FERC’s response has been to continue to ignore upstream and downstream effects in permitting, arguing that nobody can foresee the effects of pipeline projects on climate change, and besides, they wouldn’t have all the information needed to conduct such an analysis because most of the needed information is held by third parties, such as their customers and the drilling companies.
This is where the next lawsuit against FERC comes in. Birckhead v. FERC (2019) was a lawsuit in which the D.C. Circuit Court of Appeals again had to tell FERC that upstream and downstream effects of a pipeline were a required part of the environmental review under NEPA. FERC argued that such an analysis could not be done. Climate change is complex, and nobody can foresee the consequences of a pipeline project. In order to attempt such an analysis, they would need information that is not accessible to them, but is held by their customers and their suppliers. The Court said that getting such information should be fairly simple, and that the analysis must be done. So now can we declare victory? No, not yet. It’s a subtle legal point, but the case before the court in Birckhead v. FERC did not directly ask about the inclusion of upstream and downstream effects, so although the court stated its position on this matter in its discussion of the case before it, it was not binding.

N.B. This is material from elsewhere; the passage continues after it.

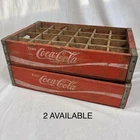 2 Available: VTG 1970s Coca Cola Wood Divided 24 Bottle Crate Red Coke Carrier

That’s where our lawsuit comes in. The case centers on a project in Agawam, Massachusetts that involves the construction of a couple of miles of new pipeline and a new mega-compressor station. Food and Water Watch is supplying the lawyers and legal expertise. BEAT is providing the legal standing, since we have been involved in the fight against this project in Agawam for some time. together we are arguing that once again FERC has refused to consider upstream and downstream effects of a project in issuing a Certificate of Public Convenience and Necessity. We believe we have given the Court every opportunity to restate their position in a case that specifically asks about upstream and downstream effects. We also will be asking the Court to hold FERC accountable for the full environmental analysis required under NEPA. In addition to the upstream and downstream effects, we believe that the new construction will pose a substantial health threat to the residents of the Springfield and Agawam region. The American Allergy and Asthma Association reports that the Springfield, Massachusetts area is the worst region in the country for asthmatics. Asthma is, of course, triggered and exacerbated by airborne pollutants, including those that routinely come from natural gas compressor stations.
June 8, 2020, our case went to federal court to consider challenges to our (BEAT’s and Food and Water Watch’s) legal standing and to face any challenges by FERC to dismiss the case. Surprisingly, there were no motions to dismiss, nor were there any challenges to our standing. Next the case should move quickly to briefings on the merit of the case, and then on to the case itself. Keep your fingers crossed. We will keep you posted.